Thursday, September 27, 2012

An unpredictable half marathon

I'm running in the Melbourne Half Marathon on 14 October. It's been 3 years since my last 21.0975 k race. In Melbourne in 2009 I ran 1:43:00. This year I'd like to run faster — hopefully under my M50 PB of 1:40:48. For me this means running fast for a very long time. I'm not sure that my recent training is pointing in that direction.

Canute blogged recently about his many months of preparation for the Robin Hood Half, in which he was originally targeting a time of 100 minutes. Although his aerobic fitness is better than at any time in recent years he's been finding it hard to complete the race-specific training. Key sessions were to be long runs with the last 5k run at half marathon goal race-pace (4:44 per km). He's been finding it difficult to maintain paces of 5 mins/km for any appreciable distance. I haven't done anything like that in training so can I be confident of running under 101 minutes?

My recent training has been okay without being brilliant. McMillan predicts a 1:40:44 half marathon if I run as well as I did at the Gold Coast 10k (45:11). Long runs have been a little on the light side: 15, 15, 20 and 20 over the last five weeks. Kilometres, not miles! I think I may attempt a long (15k) tempo run a week out from the race.

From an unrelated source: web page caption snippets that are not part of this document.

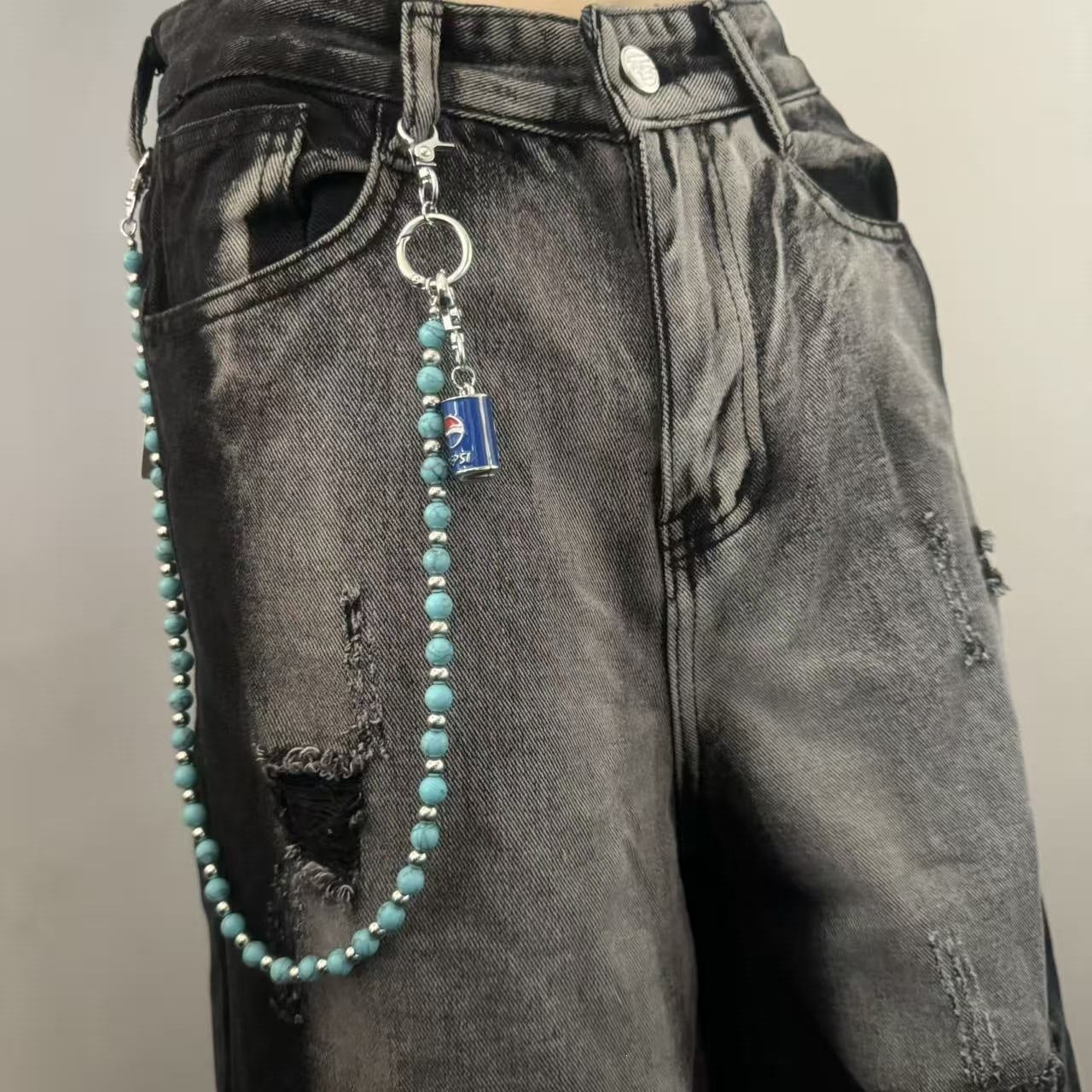 Cropped T-Shirt mit Trendigem Kettenanhänger Brehn
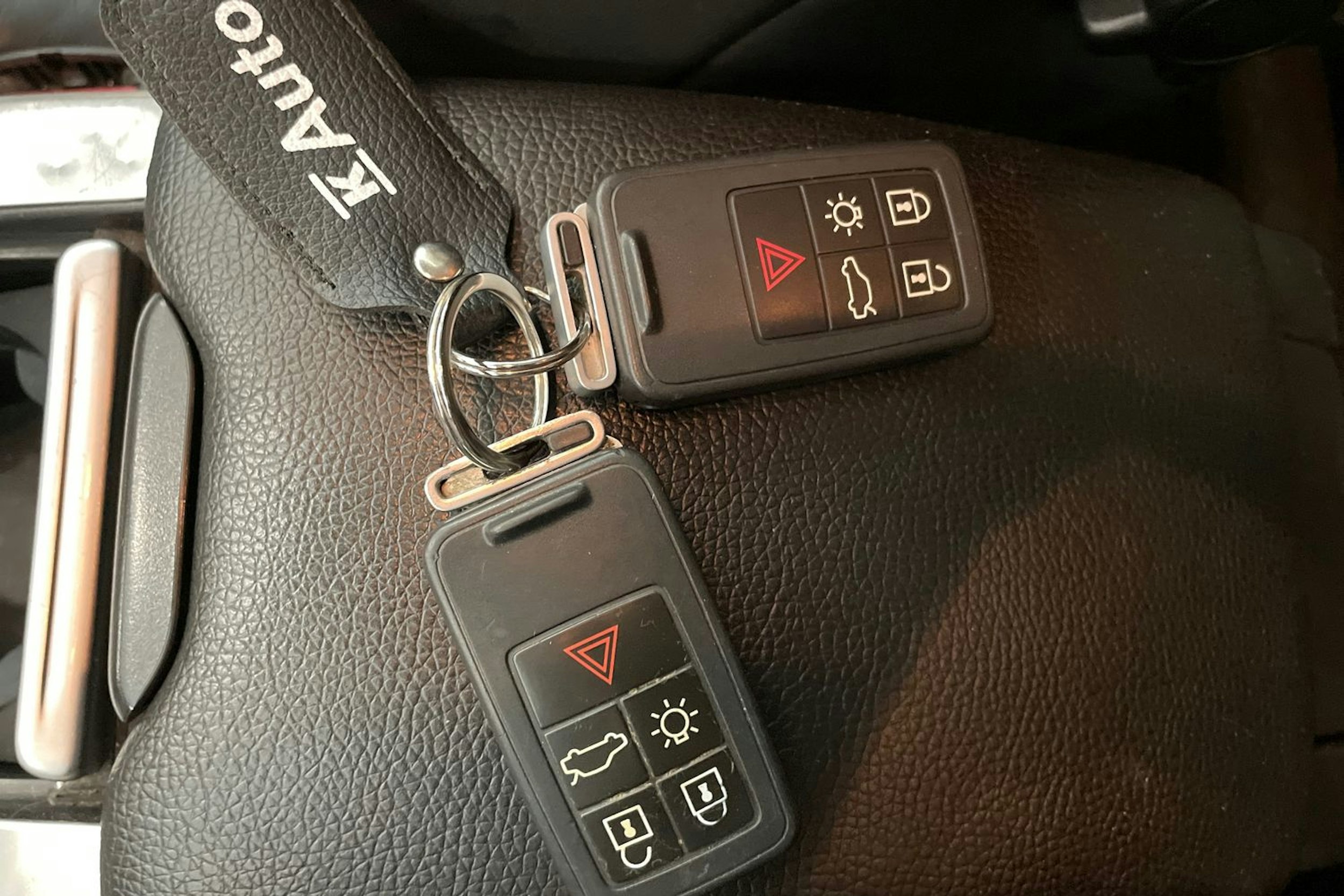 valkoinen Volvo XC60 2011 kuva 24.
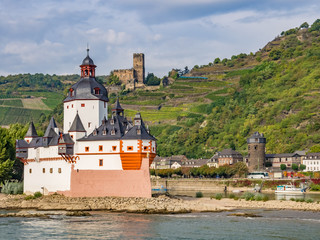 Fototapeta na wymiar Pfalzgrafenstein Castle in the Rhine Gorge, Germany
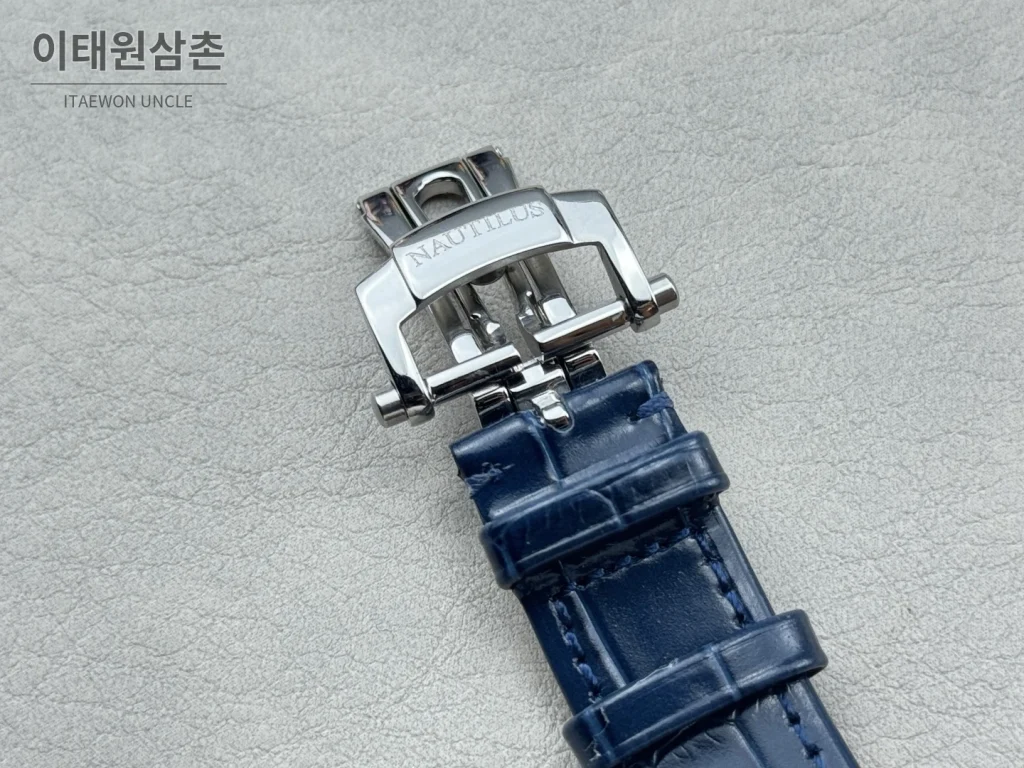 파텍필립 노틸러스 오토매틱 네이비 다이얼 네이비 가죽 스트랩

Back in 1991 I completed such a run on the Wednesday prior to my half marathon PB — ran a lap of West Basin (15.5k) at 4:11 per km pace. On the Sunday I ran 1:21:38 which is 3:52 per km pace. So maybe if I could complete a training tempo run 33% slower than HM goal pace I'd be on target? That'd be 15k at 5:04 ks. I think that's possible.

Melbourne had better be warmer than the Bush Capital 16k!

Sunday, September 09, 2012

A 5k race on a beautiful day

What a day! Just about perfect Spring weather in Canberra: A cloudless blue sky; soft warmth from the sun (temperature during the race was 13C); fragrant smells from blossoming trees; a barely noticeable breeze rippling the lake. An ideal day for racing!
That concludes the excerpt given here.